[Records drawn from a dataset]

○ ○ ○ ○

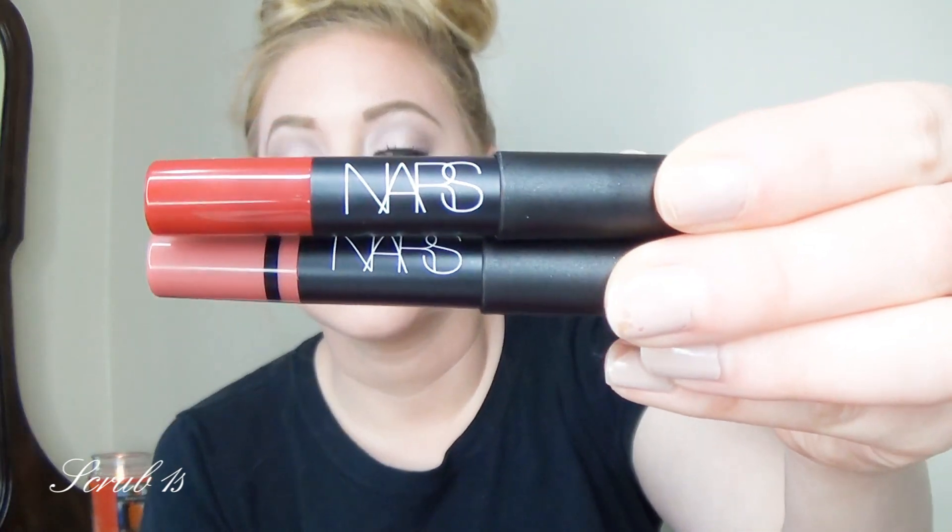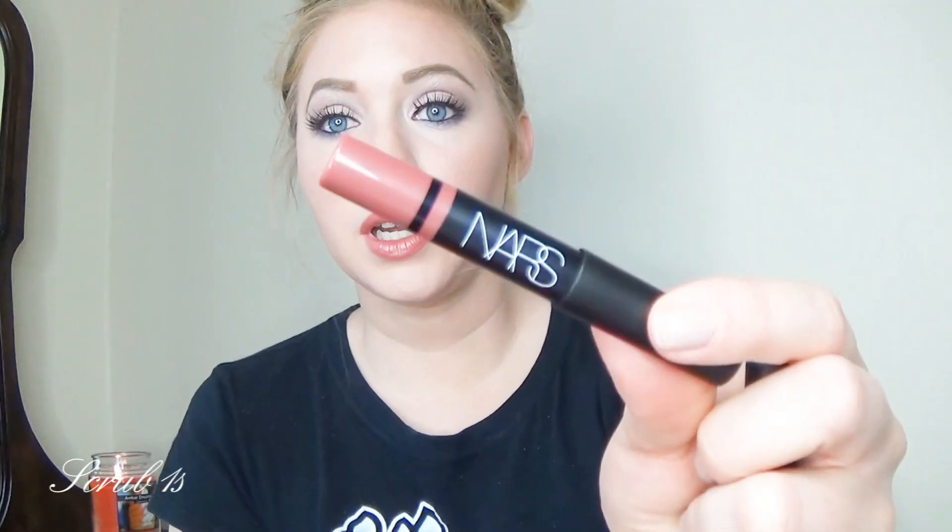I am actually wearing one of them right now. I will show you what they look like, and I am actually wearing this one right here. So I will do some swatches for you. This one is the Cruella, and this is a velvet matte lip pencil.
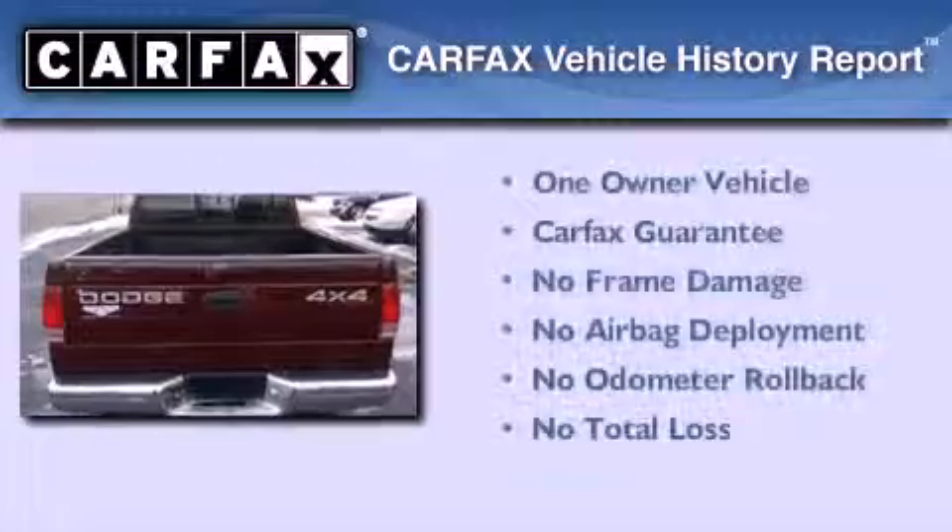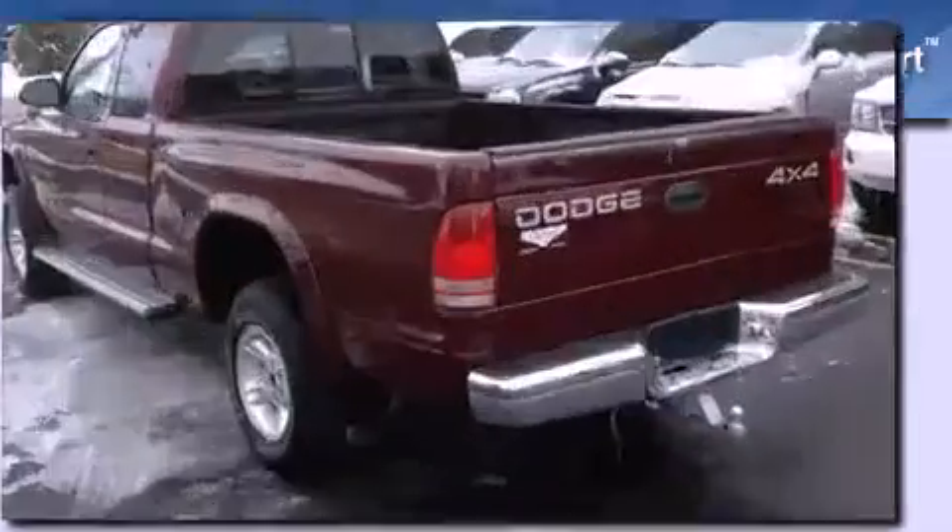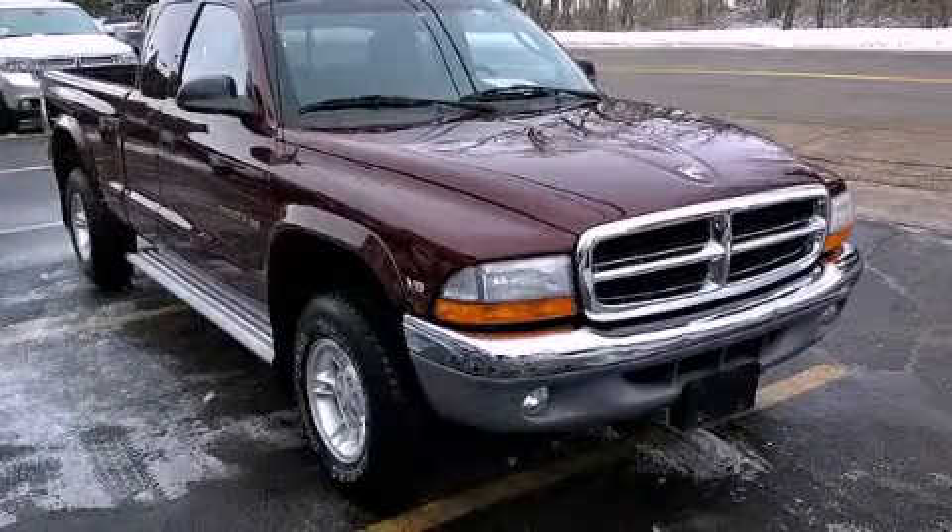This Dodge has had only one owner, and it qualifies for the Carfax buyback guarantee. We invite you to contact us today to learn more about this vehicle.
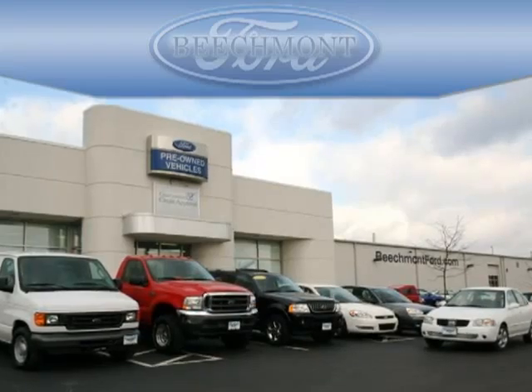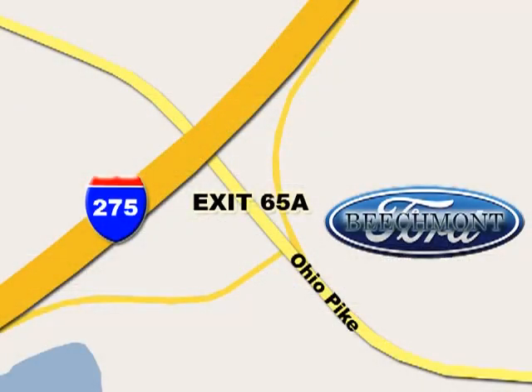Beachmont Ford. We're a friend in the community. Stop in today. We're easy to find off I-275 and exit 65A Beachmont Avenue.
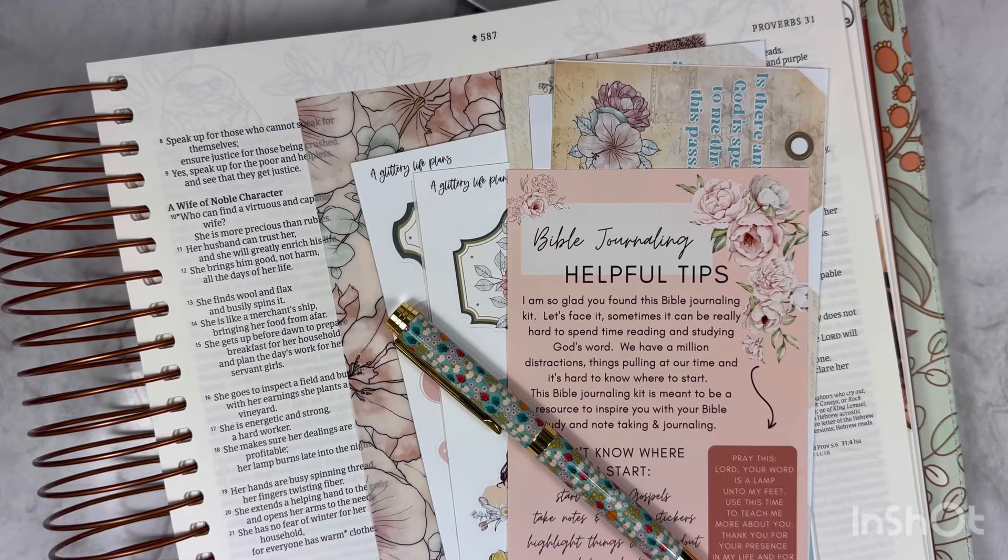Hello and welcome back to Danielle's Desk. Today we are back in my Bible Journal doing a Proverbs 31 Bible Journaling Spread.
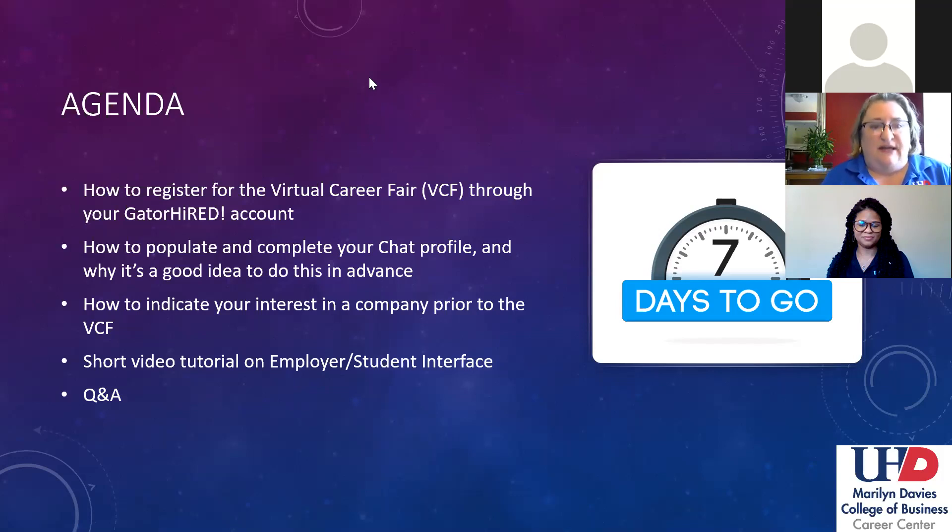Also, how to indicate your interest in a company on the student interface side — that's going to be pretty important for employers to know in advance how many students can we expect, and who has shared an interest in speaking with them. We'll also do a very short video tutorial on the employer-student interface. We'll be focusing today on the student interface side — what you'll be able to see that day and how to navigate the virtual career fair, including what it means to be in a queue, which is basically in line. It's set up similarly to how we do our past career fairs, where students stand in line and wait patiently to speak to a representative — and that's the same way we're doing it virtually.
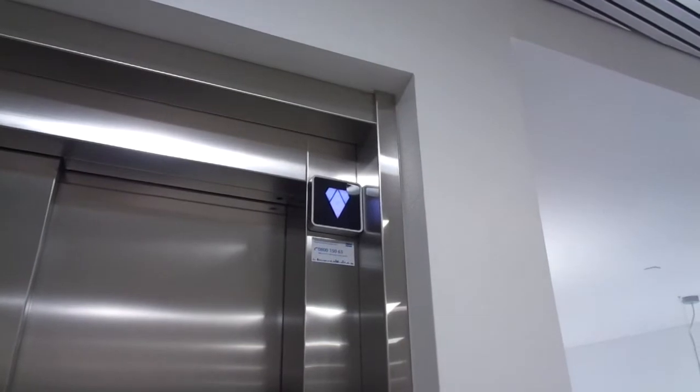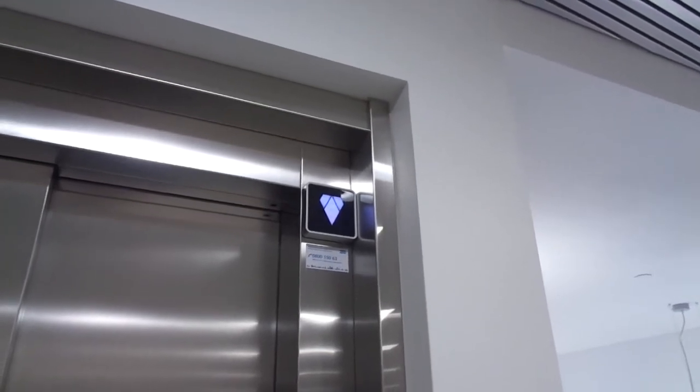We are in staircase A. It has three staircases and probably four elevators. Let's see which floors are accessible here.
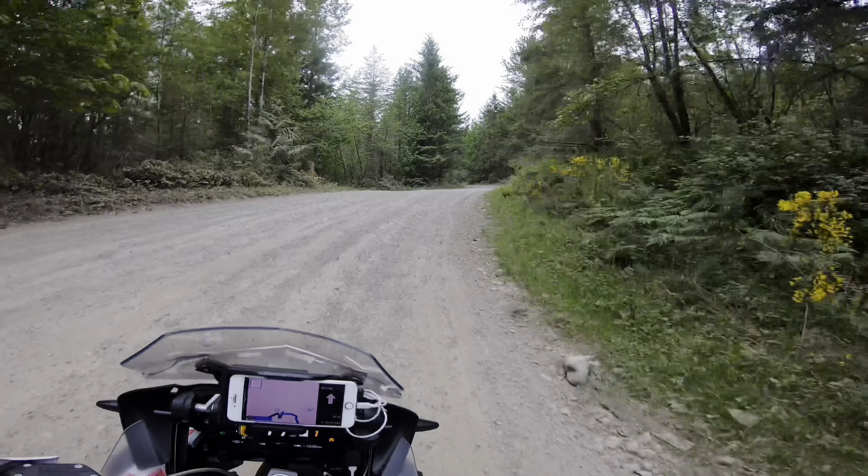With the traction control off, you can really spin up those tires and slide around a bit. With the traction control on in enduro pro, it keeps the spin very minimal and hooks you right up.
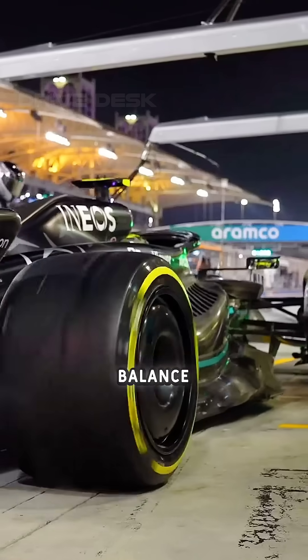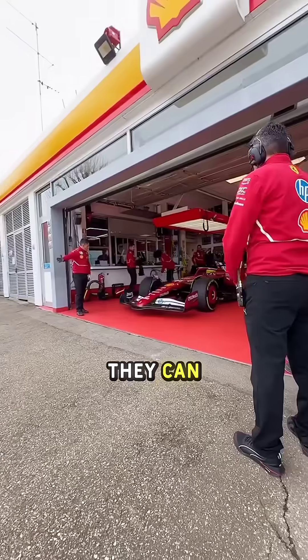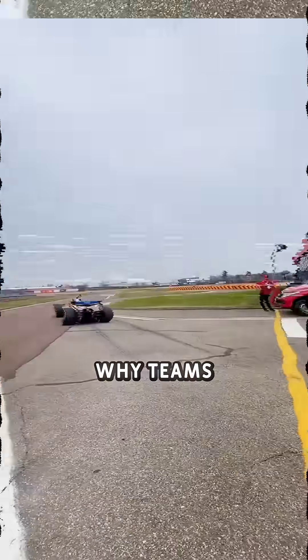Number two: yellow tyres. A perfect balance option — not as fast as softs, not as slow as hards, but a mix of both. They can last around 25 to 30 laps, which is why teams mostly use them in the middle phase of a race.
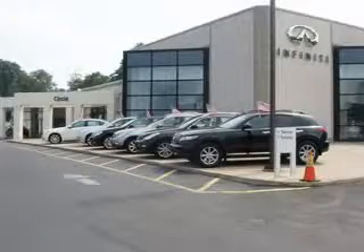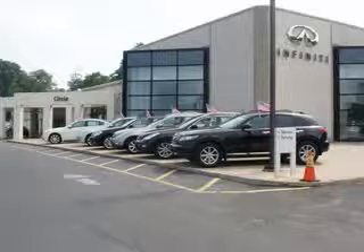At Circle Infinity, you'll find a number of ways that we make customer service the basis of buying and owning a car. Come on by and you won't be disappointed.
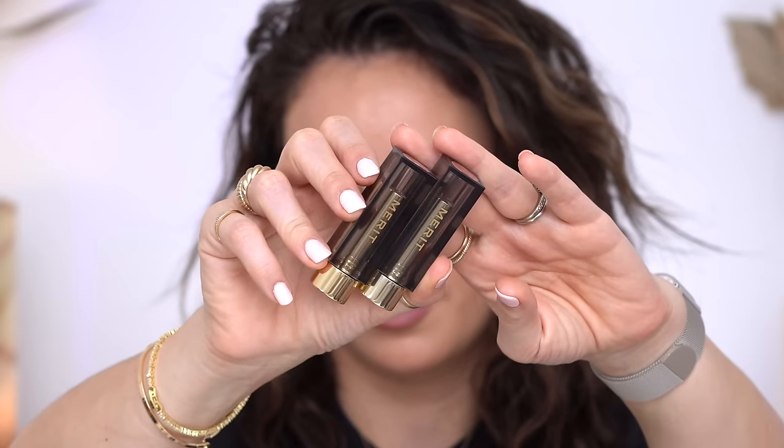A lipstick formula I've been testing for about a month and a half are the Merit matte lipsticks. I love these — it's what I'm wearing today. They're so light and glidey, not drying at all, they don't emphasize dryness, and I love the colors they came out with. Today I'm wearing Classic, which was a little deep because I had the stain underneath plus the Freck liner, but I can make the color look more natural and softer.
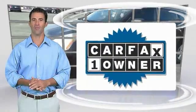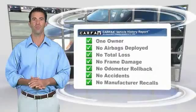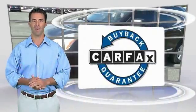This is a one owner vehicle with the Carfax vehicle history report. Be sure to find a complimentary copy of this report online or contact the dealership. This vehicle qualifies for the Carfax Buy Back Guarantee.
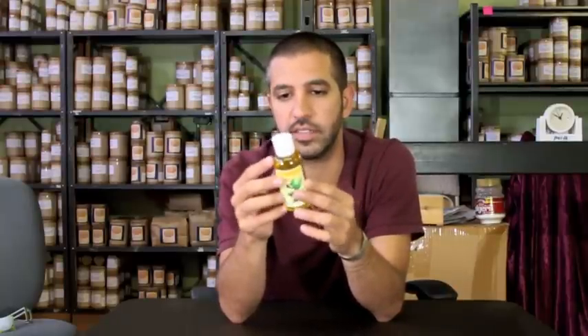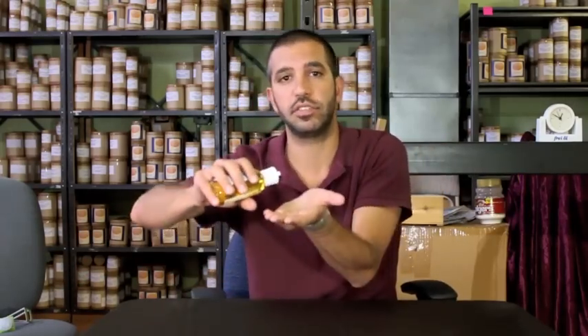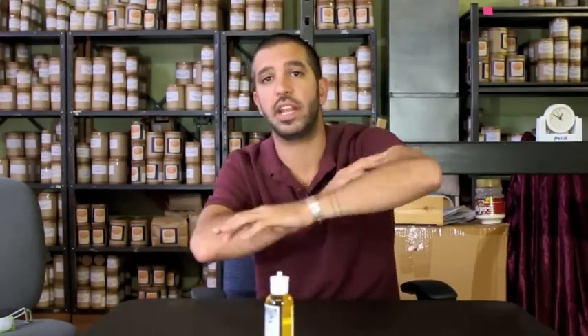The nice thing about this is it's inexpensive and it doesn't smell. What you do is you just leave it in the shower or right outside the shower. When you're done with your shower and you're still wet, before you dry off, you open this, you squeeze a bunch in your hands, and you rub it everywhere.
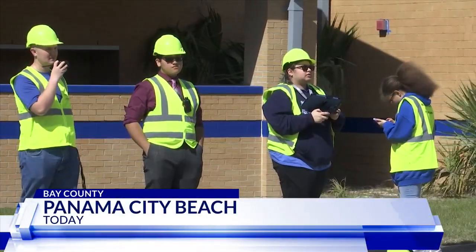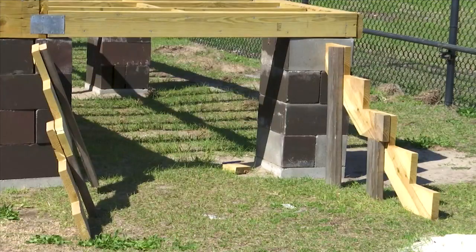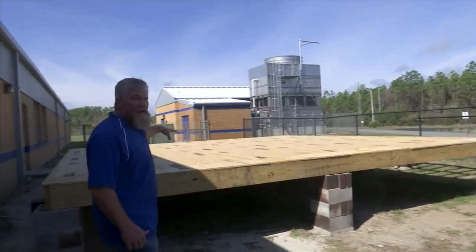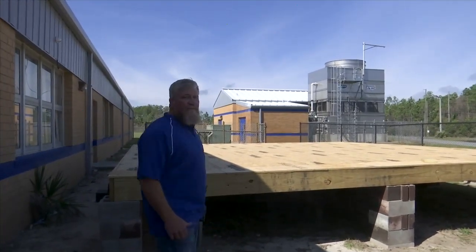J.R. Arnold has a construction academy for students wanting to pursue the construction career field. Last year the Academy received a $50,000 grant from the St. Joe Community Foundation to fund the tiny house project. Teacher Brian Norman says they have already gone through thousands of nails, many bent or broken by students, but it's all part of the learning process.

○ ○ ○ ○

Problem requirements:
Pictures aside, return exactly the lines from the data above, starting at the line that has "This Dodge has" and ending at the line that has "Number two: yellow", both included.

Worked solution:
This Dodge has had only one owner, and it qualifies for the Carfax buyback guarantee. We invite you to contact us today to learn more about this vehicle.
Beachmont Ford. We're a friend in the community. Stop in today. We're easy to find off I-275 and exit 65A Beachmont Avenue.
Hello and welcome back to Danielle's Desk. Today we are back in my Bible Journal doing a Proverbs 31 Bible Journaling Spread.
Also, how to indicate your interest in a company on the student interface side — that's going to be pretty important for employers to know in advance how many students can we expect, and who has shared an interest in speaking with them. We'll also do a very short video tutorial on the employer-student interface. We'll be focusing today on the student interface side — what you'll be able to see that day and how to navigate the virtual career fair, including what it means to be in a queue, which is basically in line. It's set up similarly to how we do our past career fairs, where students stand in line and wait patiently to speak to a representative — and that's the same way we're doing it virtually.
We are in staircase A. It has three staircases and probably four elevators. Let's see which floors are accessible here.
With the traction control off, you can really spin up those tires and slide around a bit. With the traction control on in enduro pro, it keeps the spin very minimal and hooks you right up.
Number two: yellow tyres. A perfect balance option — not as fast as softs, not as slow as hards, but a mix of both. They can last around 25 to 30 laps, which is why teams mostly use them in the middle phase of a race.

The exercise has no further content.